- **Task requirements**
Keep the wording of every entry exactly as it is while leaving the pictures out of your copy.

Segment Start: Material for this task

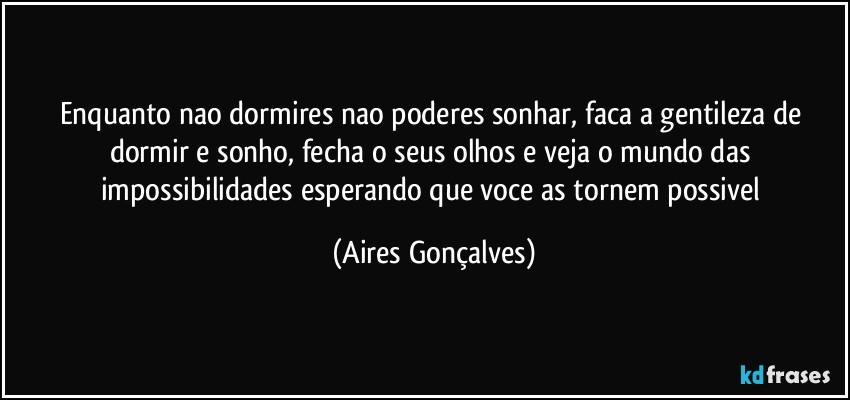 Enquanto nao dormires nao poderes sonhar, faca a gentileza de dormir e sonho, fecha o seus olhos e veja o mundo das impossibilidades esperando que voce as tornem possivel (Aires Gonçalves)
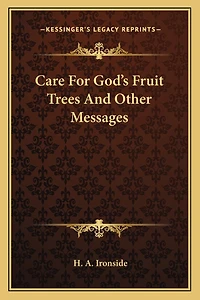 Care for God's Fruit Trees and Other Messages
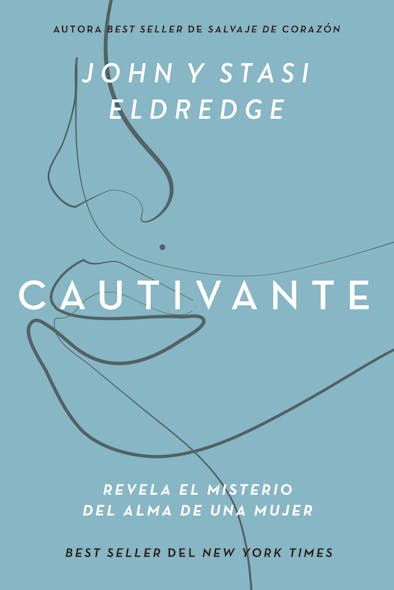 Cautivante, Edición Ampliada : Revela El Misterio Del Alma De Una Mujer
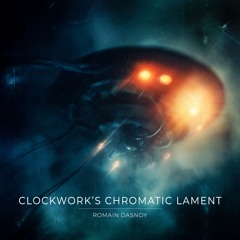 Clockwork's Chromatic Lament
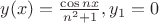 $y(x)=\frac{\cos nx}{n^2+1}, y_{1}=0$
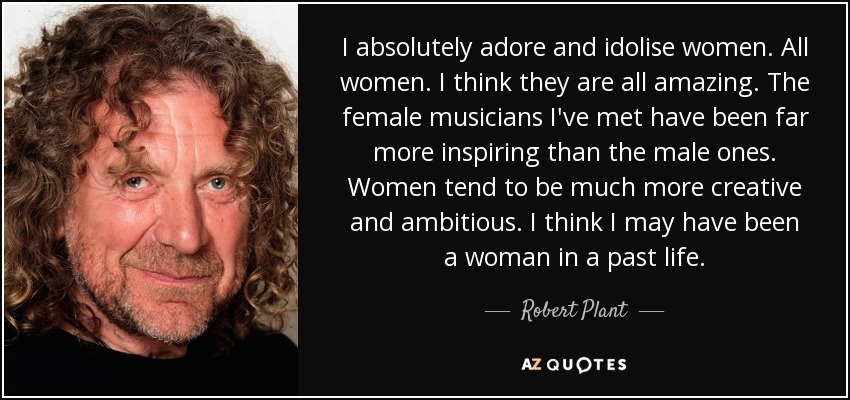 I absolutely adore and idolise women. All women. I think they are all amazing. The female musicians I've met have been far more inspiring than the male ones. Women tend to be much more creative and ambitious. I think I may have been a woman in a past life. - Robert Plant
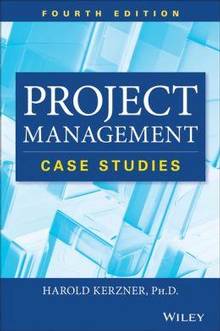 Project Management Case Studies : 4th edition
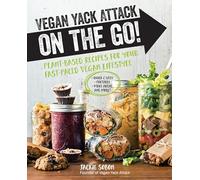 Vegan Yack Attack on the Go!: Plant-Based Recipes for Your Fast-Paced Vegan Lifestyle •Quick & Easy •Portable •Make-Ahead •And More!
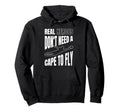 Real Heroes Dont Need Cape To Fly Hoodie - Fun Novelty Design for Adults - T-Shirt, Sweatshirt, Hoodie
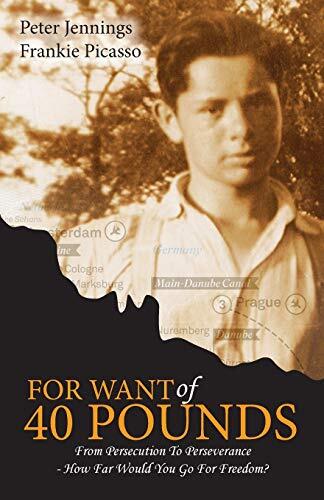 For Want of 40 Pounds: From Persecution to Perseverance
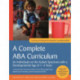 A Complete ABA Curriculum for Individuals on the Autism Spectrum with a Developmental Age of 1-4 Years: A Step-by-Step Treatment Manual Including Supporting Materials for Teaching 140 Foundational Skill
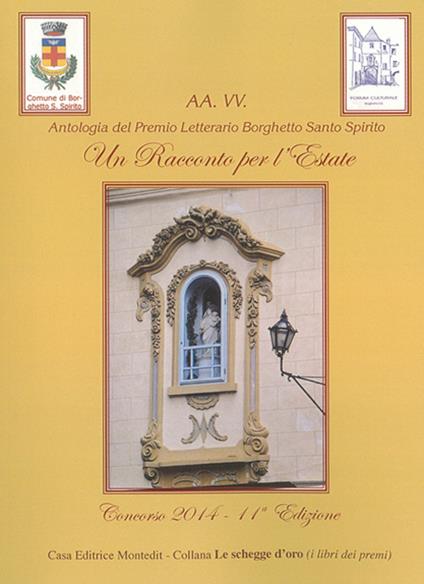 Un racconto per l'estate 2014. Antologia del premio letterario Borghetto Santo Spirito - copertina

Segment End: Material for this task

- **Output below**
 Enquanto nao dormires nao poderes sonhar, faca a gentileza de dormir e sonho, fecha o seus olhos e veja o mundo das impossibilidades esperando que voce as tornem possivel (Aires Gonçalves)
 Care for God's Fruit Trees and Other Messages
 Cautivante, Edición Ampliada : Revela El Misterio Del Alma De Una Mujer
 Clockwork's Chromatic Lament
 $y(x)=\frac{\cos nx}{n^2+1}, y_{1}=0$
 I absolutely adore and idolise women. All women. I think they are all amazing. The female musicians I've met have been far more inspiring than the male ones. Women tend to be much more creative and ambitious. I think I may have been a woman in a past life. - Robert Plant
 Project Management Case Studies : 4th edition
 Vegan Yack Attack on the Go!: Plant-Based Recipes for Your Fast-Paced Vegan Lifestyle •Quick & Easy •Portable •Make-Ahead •And More!
 Real Heroes Dont Need Cape To Fly Hoodie - Fun Novelty Design for Adults - T-Shirt, Sweatshirt, Hoodie
 For Want of 40 Pounds: From Persecution to Perseverance
 A Complete ABA Curriculum for Individuals on the Autism Spectrum with a Developmental Age of 1-4 Years: A Step-by-Step Treatment Manual Including Supporting Materials for Teaching 140 Foundational Skill
 Un racconto per l'estate 2014. Antologia del premio letterario Borghetto Santo Spirito - copertina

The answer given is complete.